The white paper advocates an approach that avoids heavy-handed legislation, while the rapid rise of ChatGPT has demonstrated the kind of challenges that lay ahead
The Government’s five pillars of future AI regulation: In late March 2023, the UK Government unveiled a white paper that sets out its approach to regulating AI in order to build public trust in the technology that is already contributing £3.7bn to the economy and to help businesses to innovate, grow and create jobs. Five non-statutory principles underpin the ‘national blueprint’, which will guide the use of AI across the UK:
Applications of AI should function in a secure, safe and robust way where risks are carefully managed;
The development and deployment of AI should be suitably transparent and explainable to match the risks it could pose;
The use of AI should be compliant with UK law and must not discriminate against individuals or create unfair commercial outcomes;
There should be appropriate oversight of AI applications and accountability for the outcomes; and
People must be able to dispute harmful outcomes or decisions generated by AI.
UK places faith in (and burden on) sectoral bodies in contrast to the EU’s approach: The Government sees AI as one of the five ‘technologies of tomorrow’ and is keen to harness its potential to unlock productivity and growth, while promoting responsible innovation.

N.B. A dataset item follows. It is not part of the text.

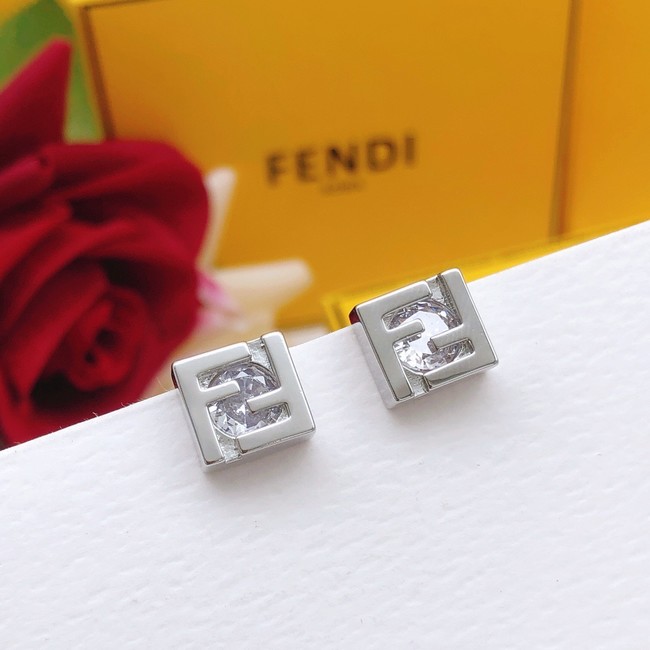 Fendi Earrings EE10007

As AI continues to develop, it’s considered paramount to create an environment for it to flourish safely that also mitigates future risks for privacy and human rights. To achieve this, the white paper advocates an adaptable approach to governing AI that avoids heavy-handed legislation. Instead of establishing a new single AI regulator, the UK will seek to lean heavily on existing ‘world class’ authorities to devise tailored, context-specific guidance and rules that reflect how AI is actually being used in their sectors. Though the Government notes the potential for legislation to ensure regulators consider the five principles consistently (and only when parliamentary time allows), there is a clear contrast with the centralised nature of the EU’s draft AI Act, under which the EC would have an enforcement role, including the power to impose financial penalties for non-compliance.
Data protection agencies launch investigations into ChatGPT: The UK intends to allow for its rules to change as this fast-moving technology develops, ensuring protections for the public without holding businesses back from using AI. The scope for such rapid evolution has been evident in the recent emergence, widespread application and even subsequent prohibitions of ChatGPT since late 2022. Not long after becoming the latest AI sensation, ChatGPT was hit with a temporary ban in Italy on the grounds that it could violate the General Data Protection Regulation (GDPR). The CNIL in France and the AEPD in Spain have also opened investigations into complaints made against the chatbot, further demonstrating the appetite of European data privacy bodies to intervene in the absence of a finalised AI Act. Despite the concerns, witnesses at a recent Science and Technology Committee hearing in the UK urged national investment in large language models (LLMs) that underpin generative AI (e.g. ChatGPT) to build ‘sovereign capability’ and help the country keep pace with peers.